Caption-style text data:
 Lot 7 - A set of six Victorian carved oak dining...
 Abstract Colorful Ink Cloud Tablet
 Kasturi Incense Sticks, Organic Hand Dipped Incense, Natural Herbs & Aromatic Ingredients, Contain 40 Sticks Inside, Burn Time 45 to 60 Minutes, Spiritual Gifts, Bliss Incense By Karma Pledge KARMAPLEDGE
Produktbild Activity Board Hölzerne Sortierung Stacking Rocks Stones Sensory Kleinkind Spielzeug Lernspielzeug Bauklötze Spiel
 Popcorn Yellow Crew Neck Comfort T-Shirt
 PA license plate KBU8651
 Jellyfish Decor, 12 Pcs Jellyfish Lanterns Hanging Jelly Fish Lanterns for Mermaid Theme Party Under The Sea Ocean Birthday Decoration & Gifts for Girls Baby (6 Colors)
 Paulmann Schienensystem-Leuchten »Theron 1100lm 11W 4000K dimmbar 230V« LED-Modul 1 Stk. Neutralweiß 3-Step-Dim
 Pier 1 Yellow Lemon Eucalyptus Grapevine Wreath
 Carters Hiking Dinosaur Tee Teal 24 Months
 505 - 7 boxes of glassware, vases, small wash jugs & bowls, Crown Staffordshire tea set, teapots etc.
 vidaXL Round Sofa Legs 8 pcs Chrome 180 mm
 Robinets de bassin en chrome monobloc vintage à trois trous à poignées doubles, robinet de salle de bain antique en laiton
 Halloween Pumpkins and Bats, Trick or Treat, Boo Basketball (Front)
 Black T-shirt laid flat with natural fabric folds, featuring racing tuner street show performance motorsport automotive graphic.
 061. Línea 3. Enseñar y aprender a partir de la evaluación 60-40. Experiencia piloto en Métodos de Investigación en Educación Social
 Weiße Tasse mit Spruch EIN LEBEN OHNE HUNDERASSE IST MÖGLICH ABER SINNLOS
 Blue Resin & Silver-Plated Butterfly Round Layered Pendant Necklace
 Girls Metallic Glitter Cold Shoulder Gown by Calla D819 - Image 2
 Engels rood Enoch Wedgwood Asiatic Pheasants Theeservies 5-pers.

» **What this task involves**:
Could you write out all of the entries precisely as they stand?

» **Finished task**:
 Lot 7 - A set of six Victorian carved oak dining...
 Abstract Colorful Ink Cloud Tablet
 Kasturi Incense Sticks, Organic Hand Dipped Incense, Natural Herbs & Aromatic Ingredients, Contain 40 Sticks Inside, Burn Time 45 to 60 Minutes, Spiritual Gifts, Bliss Incense By Karma Pledge KARMAPLEDGE
Produktbild Activity Board Hölzerne Sortierung Stacking Rocks Stones Sensory Kleinkind Spielzeug Lernspielzeug Bauklötze Spiel
 Popcorn Yellow Crew Neck Comfort T-Shirt
 PA license plate KBU8651
 Jellyfish Decor, 12 Pcs Jellyfish Lanterns Hanging Jelly Fish Lanterns for Mermaid Theme Party Under The Sea Ocean Birthday Decoration & Gifts for Girls Baby (6 Colors)
 Paulmann Schienensystem-Leuchten »Theron 1100lm 11W 4000K dimmbar 230V« LED-Modul 1 Stk. Neutralweiß 3-Step-Dim
 Pier 1 Yellow Lemon Eucalyptus Grapevine Wreath
 Carters Hiking Dinosaur Tee Teal 24 Months
 505 - 7 boxes of glassware, vases, small wash jugs & bowls, Crown Staffordshire tea set, teapots etc.
 vidaXL Round Sofa Legs 8 pcs Chrome 180 mm
 Robinets de bassin en chrome monobloc vintage à trois trous à poignées doubles, robinet de salle de bain antique en laiton
 Halloween Pumpkins and Bats, Trick or Treat, Boo Basketball (Front)
 Black T-shirt laid flat with natural fabric folds, featuring racing tuner street show performance motorsport automotive graphic.
 061. Línea 3. Enseñar y aprender a partir de la evaluación 60-40. Experiencia piloto en Métodos de Investigación en Educación Social
 Weiße Tasse mit Spruch EIN LEBEN OHNE HUNDERASSE IST MÖGLICH ABER SINNLOS
 Blue Resin & Silver-Plated Butterfly Round Layered Pendant Necklace
 Girls Metallic Glitter Cold Shoulder Gown by Calla D819 - Image 2
 Engels rood Enoch Wedgwood Asiatic Pheasants Theeservies 5-pers.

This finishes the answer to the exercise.